How can the CFPB write effective rules if it doesn’t know how widespread specific problems are? More detailed complaint data would be helpful.

[Related: Daddy, Make the Bad Man Go Away]

Debt Collection Do No Call List

We don’t know how many consumers repeatedly get calls from debt collectors trying to reach someone else because the FTC doesn’t define this as a specific complaint category. But as I described in my story about my young daughter’s experience with debt collectors calling her cell phone looking for someone else, these kinds of calls can be an enormous hassle, and getting them to stop can be nearly impossible at times.

The CFPB needs to look into creating some kind of Do Not Call List for the debt collection industry that would give consumers the opportunity to instruct debt collectors not to call them at a particular number if they don’t believe they owe the debt, or if there are other concerns such as paying for calls on a cell phone.

The counterargument will be, “What about debt collectors trying to collect legitimate debts? How will they reach debtors if they can’t call them on their cell phones?” The answer? “It’s called U.S. mail,” says Forbes.

Collection Accounts and Credit Reports »

Collection Accounts and Credit Reports

The CFPB is going to be taking a look at both the credit reporting industry and the debt collection industry. So here’s a chance to kill two birds with one stone:

Require collection agencies to notify consumers in writing before they report collection accounts to credit reporting agencies, and give consumers the opportunity to dispute a debt before it can be reported.
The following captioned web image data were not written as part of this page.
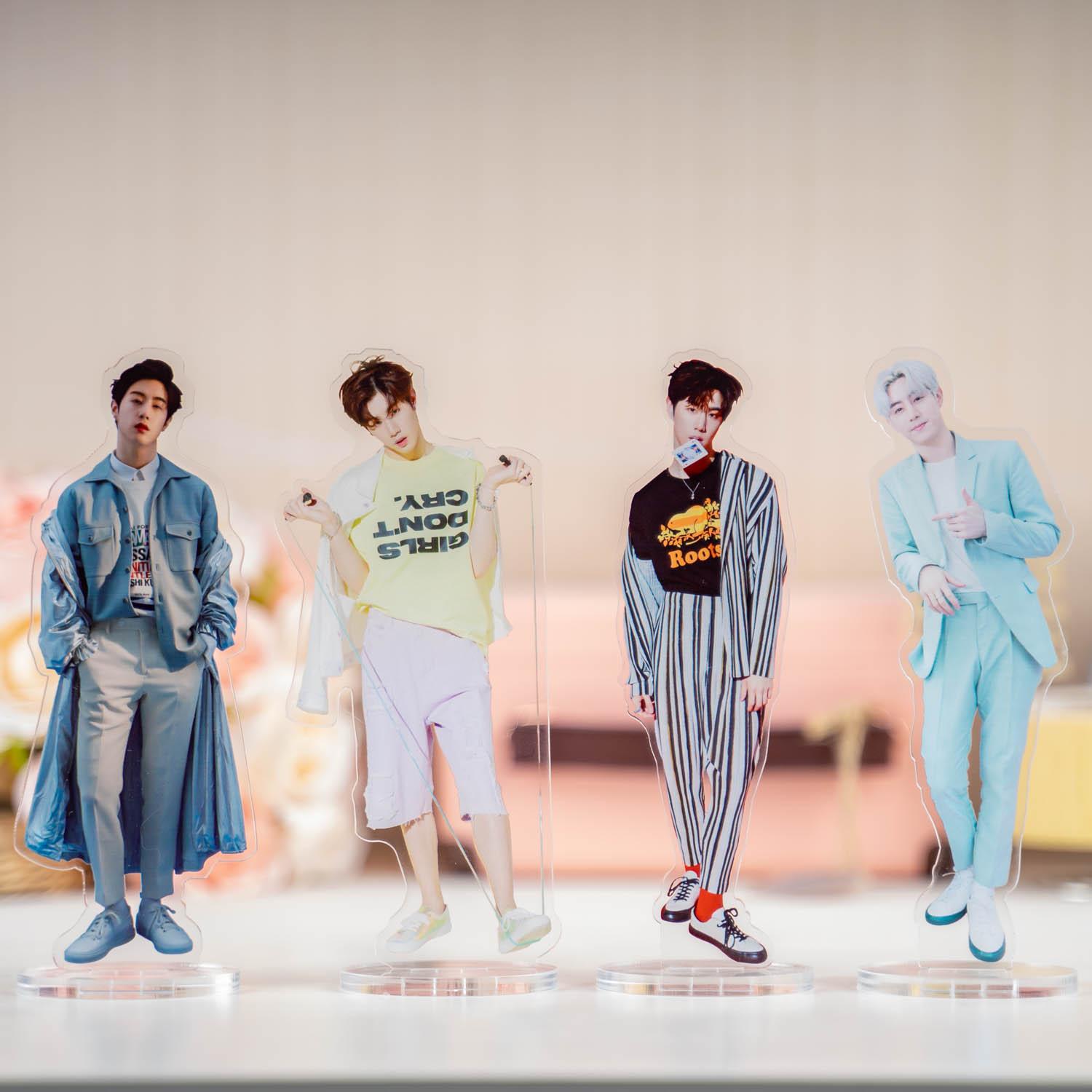 สแตนดี้อะคริลิค Mark GOT7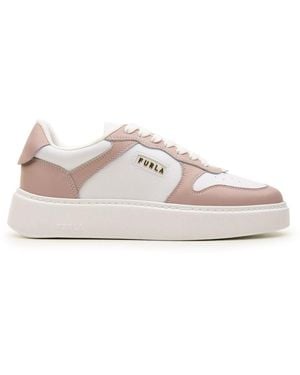 Furla Turnschuhe - Weiß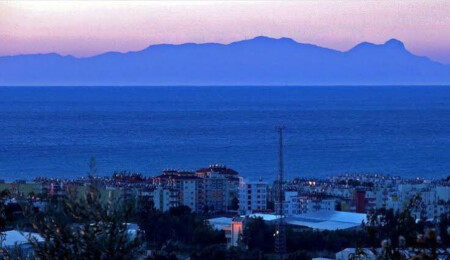 Beşparmakları, Türkiye’de turizm cazibesine çevirdiler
Right now, the way the system works is that consumers may not even know about collection accounts until they’ve been turned down for credit due to the negative info on their credit reports. And while consumers already have the right to dispute a debt that appears on their credit, that’s often too late. The damage has already been done.

The initial collection letter I described in the first part of this post should include whether the collection agency reports to credit reporting agencies, the date that the account will be removed from the debtor’s credit reports (the collection agency has to know this if it’s going to report the account, right?), along with the names of the credit reporting agencies to which the collector reports information and a disclosure of the consumer’s right to get free copies of those reports.

Debt Collection Account Statements

When you owe your credit card company money, you get a monthly statement spelling out the previous balance, the amount you owe, interest and fees charged, payments made, etc. If there is a mistake, you have the right to dispute it. But when that account goes to collections, you are usually operating blind. You make payments, but good luck trying to get a statement that shows what you owe, how payments have been applied, etc.

The collection industry should be held to the same standards as the industries for which they collect debts. They should be required to put payment agreements in writing, and then provide detailed information about balances and payments; if not on a regular basis, then at least upon request.

From all indications, Richard Cordray will do an excellent job at the helm of the CFPB, which the White House says will “level the playing field between banks and non-banks like … debt collectors.” Let’s hope he gets to do his job.